Hanukah is the first holiday to commemorate the fight to preserve religious freedom and liberty. As such, it is not just a Jewish holiday but also a universal one; because without Hanukah there would not have been Jesus, the Jew.
We all know the story of how a small band of Maccabees defeated the much larger Syrian and Greek authorities that imposed Hellenism and Paganism, by which the Temple was desecrated and Jews could not practice their religion. This is also a victory for the Maccabees over those Jews who became so Hellenized that they lost their Jewish bearings. Accordingly, Jewish sovereignty was reestablished for the next two centuries until the Romans arrived.
Twenty-three centuries later, the Communist revolution in Cuba launched by Fidel Castro and Che Guevara banned any religious practices in the country and outlawed Zionism. Under this regime, virulent propaganda attacks against Israel were launched. Cubans also hosted and trained Palestinian terrorists. Last week, when a group of 26 of us participated in a UJA Mission to Cuba, a statue of Yasir Arafat was dedicated. He was responsible for the deaths of thousands of civilians. Meanwhile, Alan Gross, an American Jew, has been unfairly imprisoned under fake charges of espionage. He’s being used as “trade bait” for five imprisoned Cuban spies.

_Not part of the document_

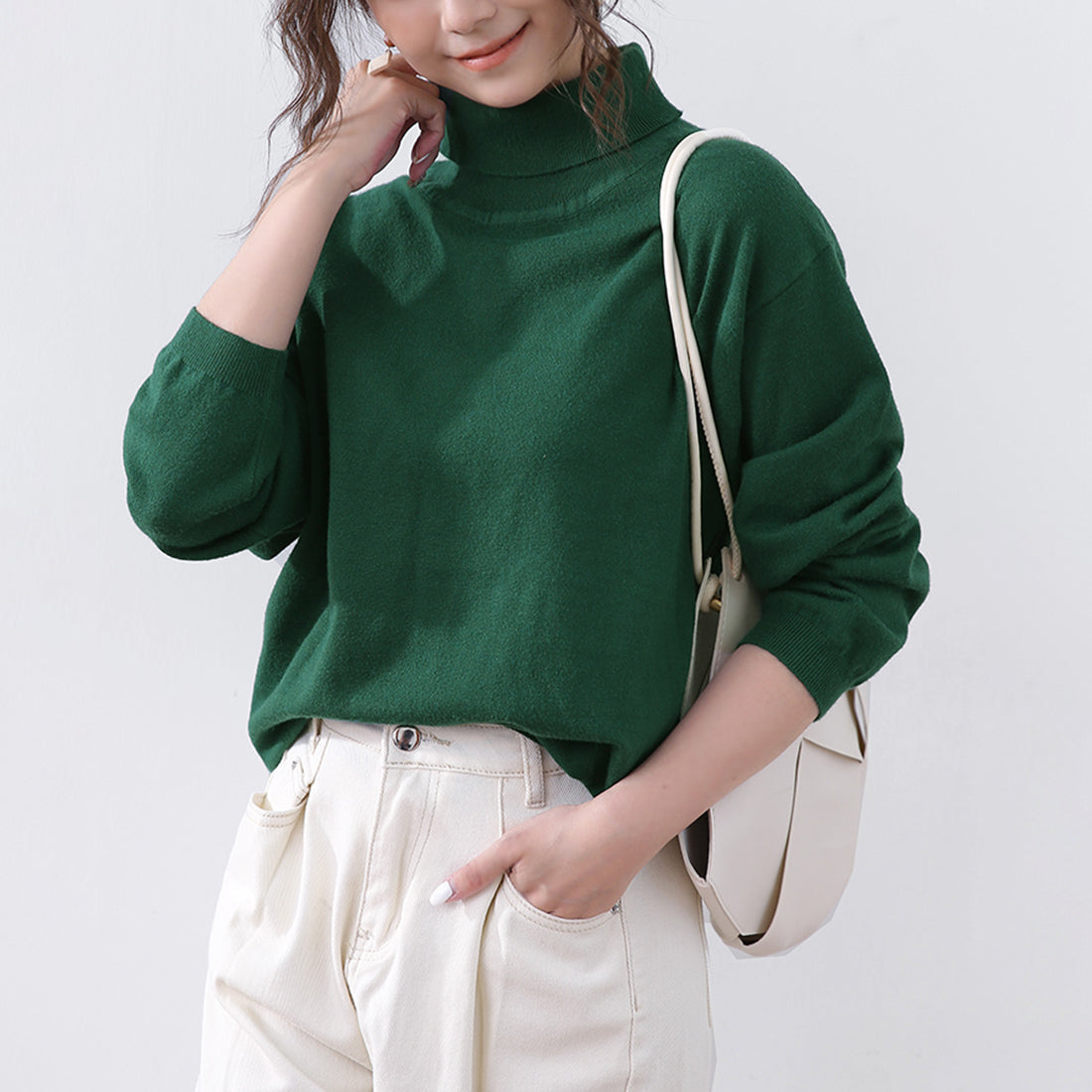 ドゥー ベル Doux Belle 秋新作 洗えるニット レディース/ トップス/ ニット カシミアタッチニット 長袖 秋 冬 オフィス （ブラック） ブラック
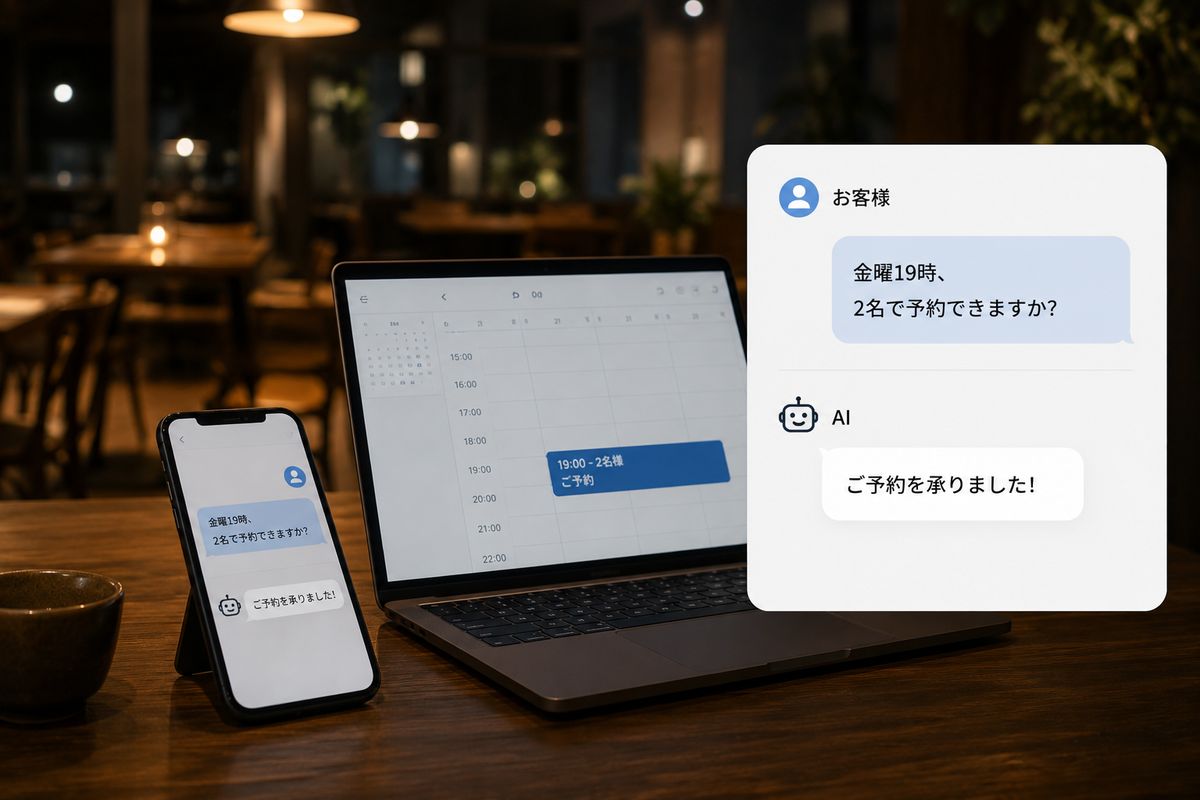 夜の店内で、チャットの予約がカレンダーに反映される様子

Because American companies were nationalized and businesses and personal properties seized, 90 percent of Jews, largely middle class and business owners, left the country. Those unable to leave or for family reasons remained in Cuba comprise a Jewish population of approximately 1,500.
With the fall of the Soviet Empire, and the need for hard currency, Castro allowed religious observances, which encouraged co-religionists to visit and spend cash in Cuba.
Using this as an opening, one of our overseas beneficiary agencies, the JDC, helped to establish schools, resurrect synagogues, and bring in rabbis and trained cantors and lay leaders to reinvigorate Jewish life. It also set up a social welfare service network and pharmacies for the Jewish population, which is very poor.
When we met with the head of the Jewish community, she announced that recently there were 16 brit millot for individuals ranging from age 16 to 62 years and that next month there would be 20 weddings, most of which involved non-Jewish spouses who converted.
Cuba is a land full of contradictions. It is very anti-Zionist, yet over 2,000 Jews made aliyah over the past decade. Last Sunday, we witnessed 100 Sunday School children singing the revolutionary Cuban national anthem and then Hatikvah. One of the passages in Hatikvah states, “Lihiot am 'hofshi be artzeinu,” to be a free people in our own country. Hopefully one day this will be achieved in Cuba, as it has been in Israel for almost 65 years.
May the story of Hanukah serve to “enlighten” the world on the power of religious freedom.